According to ArtNews at one point during the protest inside the Temple of Dendur wing,

“Many people along the pool suddenly began to throw pill bottles into the water—there were scores of the little plastic containers—as others whipped out black banners, one reading “FUND REHAB,” the other “SHAME ON SACKLER.” Goldin, brandishing white type-written pages, spoke in short phrases, and the crowd echoed her as a human microphone. She said at one point,

In the name of the dead. Sackler family. Purdue Pharma. Hear our demands. Use your profits. Save our lives.

The group is calling for them to fund treatment programs and to take other steps to combat the opioid crisis. In the pamphlet, the group demands that “instead of continuing to wash their money in great institutions (like the Metropolitan Museum of Art) they donate their money to helping combat the opioid epidemic.” (Sackler family members have funded projects at Harvard, the Louvre, Tate Modern, and elsewhere, as the New Yorker and Esquire have reported in stories about Purdue’s development and marketing of OxyContin.)

The pamphlets contain statistics about the crisis, like

130 people die a day from opioid overdoses,’ ‘at least 200,000 people have died since 1999 from overdoses involving opioid painkillers,’ ‘$35 billion—Purdue profits from OxyContin, the nation’s bestselling painkiller.

It also includes a list of demands, among them that the Sackler Family and Purdue should invest 46 percent of their profits toward ending the epidemic, and that they should

advertise the dangers of their products as aggressively as they sell them to the public.‘”

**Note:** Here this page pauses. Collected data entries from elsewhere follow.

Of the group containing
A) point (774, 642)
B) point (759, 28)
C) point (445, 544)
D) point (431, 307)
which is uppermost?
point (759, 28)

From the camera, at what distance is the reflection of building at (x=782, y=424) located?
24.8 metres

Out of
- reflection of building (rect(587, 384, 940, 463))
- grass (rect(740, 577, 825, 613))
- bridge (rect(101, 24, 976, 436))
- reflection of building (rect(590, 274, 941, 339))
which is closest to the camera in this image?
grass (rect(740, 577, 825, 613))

In January Goldin published an essay and portfolio in Artforum where she talked about becoming addicted to opioids after being prescribed OxyContin following a surgery, and going clean only after two-and-a-half months in rehab. Goldin wrote,

The Sacklers made their fortune promoting addiction…the Sackler family and their private company, Purdue, built their empire with the lives of hundreds of thousands. The bodies are piling up. In 2015, in the U.S. alone, more than thirty-three thousand people died from opioid overdoses.

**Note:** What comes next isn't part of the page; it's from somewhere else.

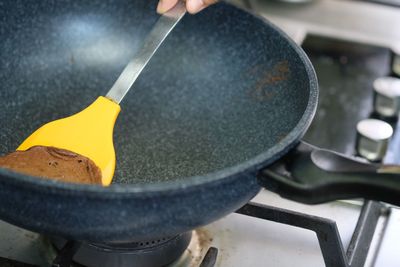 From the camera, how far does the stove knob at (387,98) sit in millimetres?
827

The Met’s Sackler Wing came about when Arthur M. Sackler was approached by the museum in 1973 about funding the expansion project. Elizabeth A. Sackler, daughter of Arthur, who died in 1987, supports Goldin’s cause, saying that, by the time Oxycontin was introduced in ’95, Authur’s Raymond and Mortimer were the main owners of Purdue, and that none of the philanthropy done by Arthur’s portion of the family has used money from the sale of Oxycontin. (The Met declined to comment on this.)

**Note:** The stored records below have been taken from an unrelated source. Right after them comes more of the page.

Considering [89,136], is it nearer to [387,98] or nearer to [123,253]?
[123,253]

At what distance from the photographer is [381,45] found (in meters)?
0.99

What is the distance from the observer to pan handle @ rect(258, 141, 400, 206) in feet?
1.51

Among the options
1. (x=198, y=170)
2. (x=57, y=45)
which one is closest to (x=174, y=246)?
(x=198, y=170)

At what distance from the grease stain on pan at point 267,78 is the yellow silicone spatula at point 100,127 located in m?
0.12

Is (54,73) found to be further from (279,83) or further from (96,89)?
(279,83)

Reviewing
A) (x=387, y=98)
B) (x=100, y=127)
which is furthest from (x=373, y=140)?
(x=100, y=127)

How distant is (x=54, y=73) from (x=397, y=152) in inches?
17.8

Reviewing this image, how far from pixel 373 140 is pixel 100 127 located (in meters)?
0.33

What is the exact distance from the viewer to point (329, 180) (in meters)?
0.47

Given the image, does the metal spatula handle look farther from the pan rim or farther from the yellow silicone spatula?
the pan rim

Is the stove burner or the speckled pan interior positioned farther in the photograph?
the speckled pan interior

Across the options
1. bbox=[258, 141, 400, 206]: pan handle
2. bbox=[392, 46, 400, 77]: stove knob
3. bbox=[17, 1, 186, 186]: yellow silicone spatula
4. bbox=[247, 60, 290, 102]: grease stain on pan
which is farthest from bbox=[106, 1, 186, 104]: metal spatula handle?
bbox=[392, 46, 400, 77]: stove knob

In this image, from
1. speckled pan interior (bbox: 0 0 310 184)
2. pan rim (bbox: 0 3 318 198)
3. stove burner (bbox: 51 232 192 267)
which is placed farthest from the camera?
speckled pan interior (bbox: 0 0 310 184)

After the die-in concluded, the group marched out accompanied by guards, chanting all the way:

Sacklers lie, people die.

They made their way to the front steps where Goldin stood in front of a banner, held a pill bottle out in one hand, and continued her speech with the protesters gathered around her

We are just getting started! Read the facts! Read the stats! We’ll be back!